İslamofobinin çirkin yüzü bu kez Yeni Zelanda’da
Dünya yeni güne, Yeni Zelanda'da bulunan iki camiye Cuma namazı sırasında gerçekleşen silahlı terör saldırısı ile başladı. 49 kişinin öldüğü, 20'si ağır 48 kişinin yaralandığı kaydedilen İslamofobik saldırıda, camiye giren terörist, önüne çıkan herkese acımasızca kurşun yağdırdı. Bu katliamı internet üzerinden canlı yayınlayan saldırganın paylaştığı 70 sayfalık manifestoda, Müslümanlara ve Türklere yönelik düşmanca sözler dikkat çekti. Peki, dünyada Müslümanlara yönelik İslamofobik saldırılar neden artıyor? Rakamlar İslamofobi hakkında ne söylüyor?
Giriş Tarihi: 15.03.2019
14:06
Güncelleme Tarihi: 15.03.2019
15:15
RAKAMLAR İSLAMOFOBİ HAKKINDA NE SÖYLÜYOR?
Avusturya Müslümanlar için Dokümantasyon ve Danışmanlık Merkezince hazırlanan ve geçtiğimiz yıl açıklanan rapora göre, ülkede İslamofobik saldırılar önemli ölçüde arttı.
2016 yılında Müslümanlara yönelik 253 saldırı kayıt altına alınırken, bu sayı 2017'de 309'a yükseldi. Müslümanlara yönelik saldırıların, bir önceki yıl olduğu gibi yüzde 98'inde kadınlar hedef alınıyor. Saldırıların yüzde 49'u açık alanlar ve toplu taşıma gibi yarı kapalı mekânlarda gerçekleştiriliyor.

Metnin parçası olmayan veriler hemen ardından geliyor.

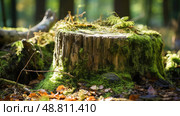 moss tree lifecycle ai generated. Стоковое AI-изображение, AI-художник Vectorwin / Фотобанк Лори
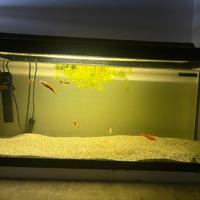 Acquario 100l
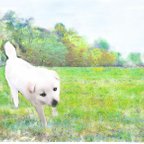 作品緑の風景とよちよちの子犬のデジタルコラージュ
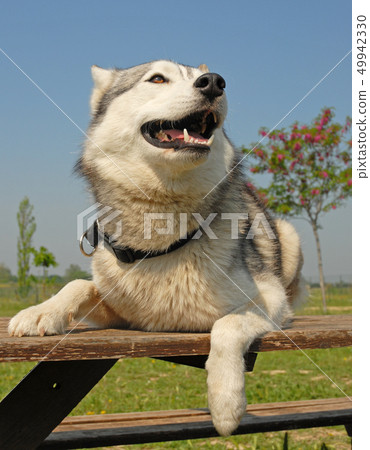siberian husky siberian husky 49942330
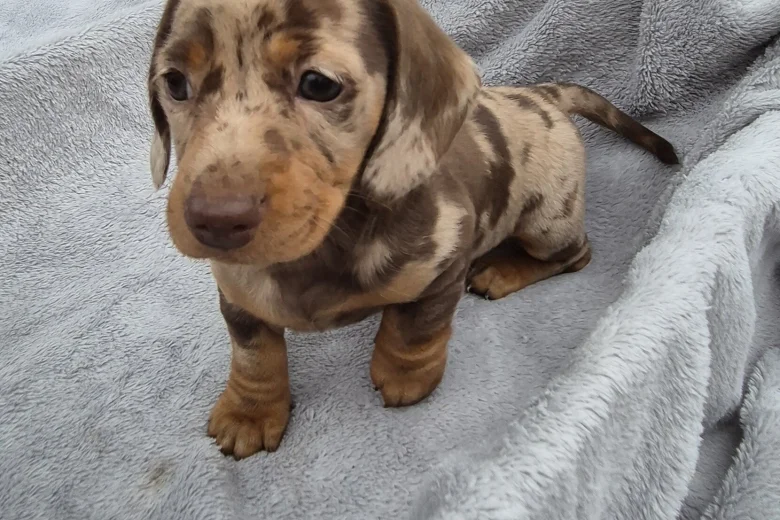 Dachshund (Miniature Smooth Haired)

NEFRET SÖYLEMLERİ İÇEREN İFADELER
Müslümanlara yönelik saldırıların yüzde 30'u nefret söylemi, yüzde 28'i de sözlü olarak yapıldı. Saldırıların yüzde 19'u İslam ve Müslümanlara yönelik ırkçı ifadeleri içeren duvar yazılarını kapsıyor.
Avusturya'da doğup büyümüş Müslümanlar, bu toplumun bir parçası olarak görülmüyor. Özellikle sözlü ve yazılı saldırılarda, "Terörist" , "Bedevi" , "İslamcı pislik geldiğiniz yere dönün" , "Müslümanlar dışarı" gibi ifadeler kullanılıyor.

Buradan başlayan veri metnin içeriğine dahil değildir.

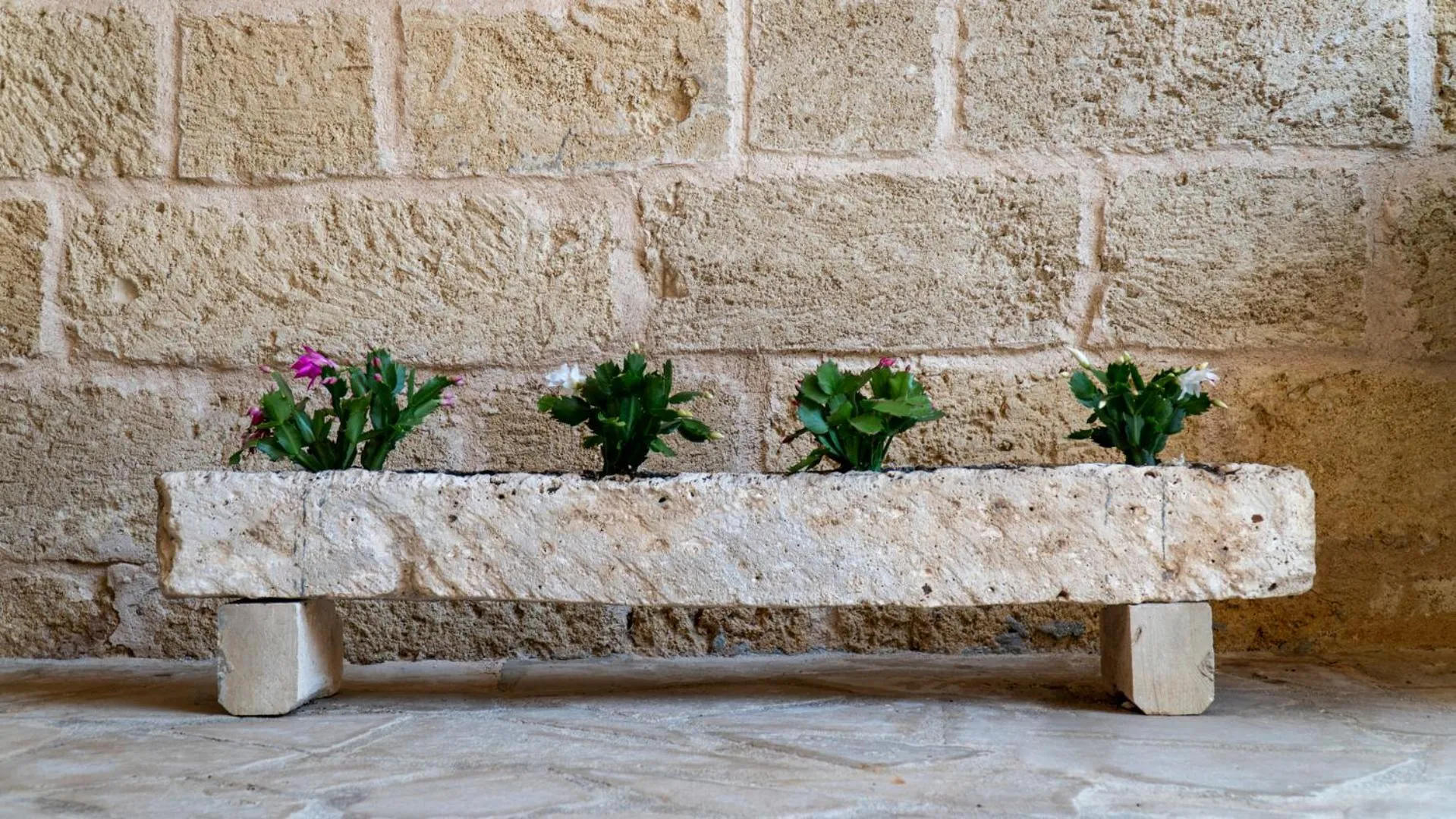 Patio in B&B La vecchia Corte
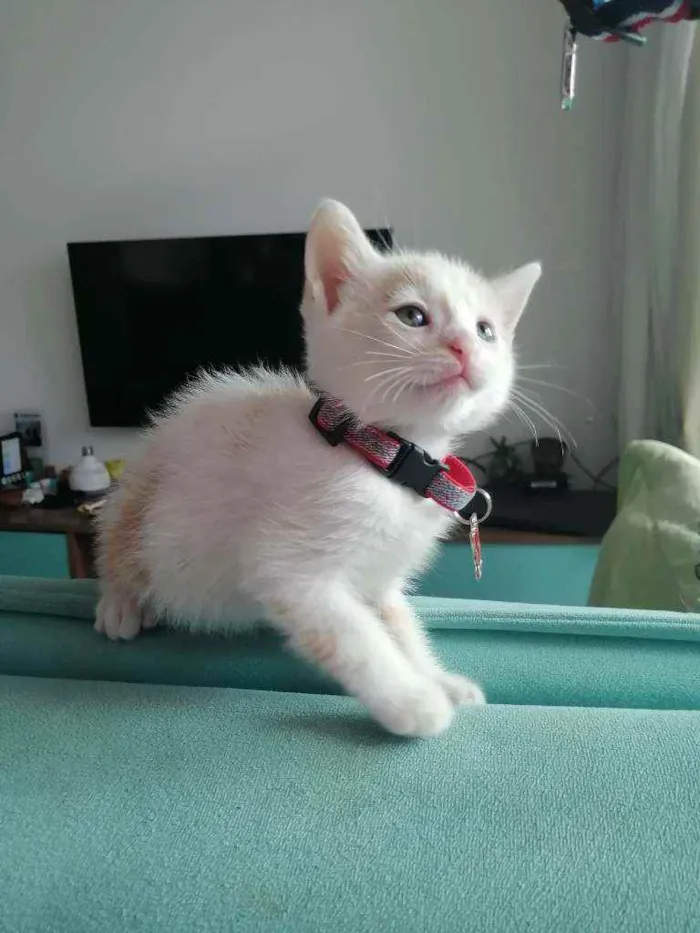 Gato ra a SRD idade Abaixo de 2 meses nome Lucca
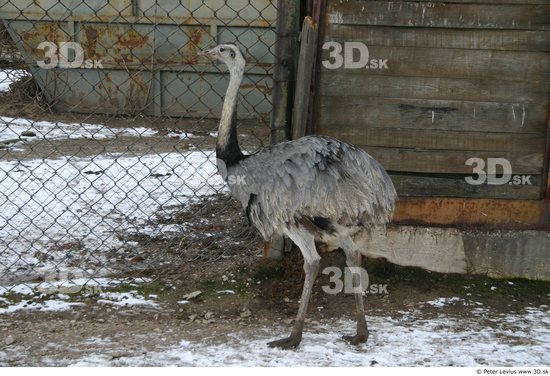 Whole Body Emus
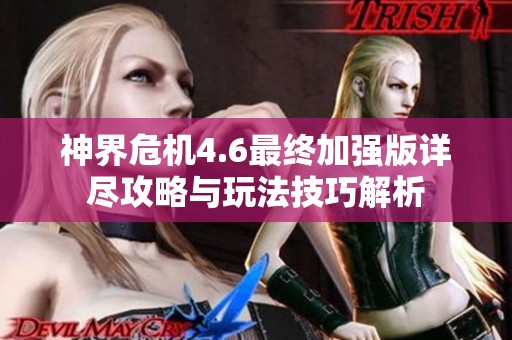 神界危机4.6最终加强版详尽攻略与玩法技巧解析
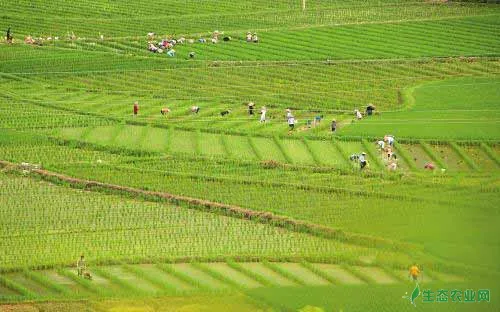 水稻种植经验——巧施杂交水稻保花肥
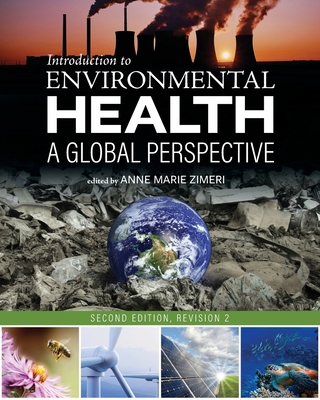 Introduction to Environmental Health: A Global ... B0DS3TQWXV Book Cover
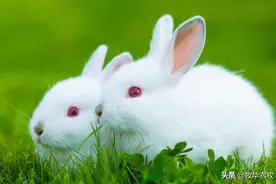 养100只兔子一年的利润是多少？兔子的养殖效益分析图片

RAMAZAN’DA İSLAM DÜŞMANLIĞI DAHA FAZLA
Raporda, saldırıların yüzde 19'unun İslam ve Müslümanlara yönelik ırkçı ifadeleri içeren duvar yazılarını kapsadığına işaret edilirken, bir önceki yıl yüzde 7 olan İslamofobik yazıların 2017 yılında ciddi oranda arttığı vurgulanmıştı.

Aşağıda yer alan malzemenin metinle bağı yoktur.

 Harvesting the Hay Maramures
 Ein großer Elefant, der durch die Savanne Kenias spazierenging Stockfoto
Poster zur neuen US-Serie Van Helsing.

Özellikle Ramazan ayına denk gelen Mayıs ve Haziran aylarında Müslümanlara ait cami ve benzeri kurumların duvarlarına İslam karşıtı ifadelerin yazıldığı belirtilmişti.
İnternet gibi sanal ortamlar başta olmak üzere, açık alanlar ve yarı kapalı mekânlarda İslam ve Müslümanlara yönelik ırkçı saldırılardaki artışa dikkat çekilmişti. Saldırıların yüzde 81 ile büyük bir çoğunluğunun bu iki alanda yaşandığı; internet, açık ve yarı kapalı ortamlarda saldırganların kimliklerini saklayabilmelerinin önemli bir rol oynadığının altı çizilmişti.
AVRUPA’DA MÜSLÜMAN AYRIMCILIĞININ BOYUTU
Avrupa Birliği tarafından yayınlanan bir araştırmada, Avrupa'daki Müslümanların yüzde 76'sının yaşadıkları ülkelere güçlü bir şekilde bağlı oldukları ancak Avrupa'daki Müslümanların yüzde 31'lik bir kesiminin iş başvurularında ayrımcılığa uğradıklarını ortaya koyuyor.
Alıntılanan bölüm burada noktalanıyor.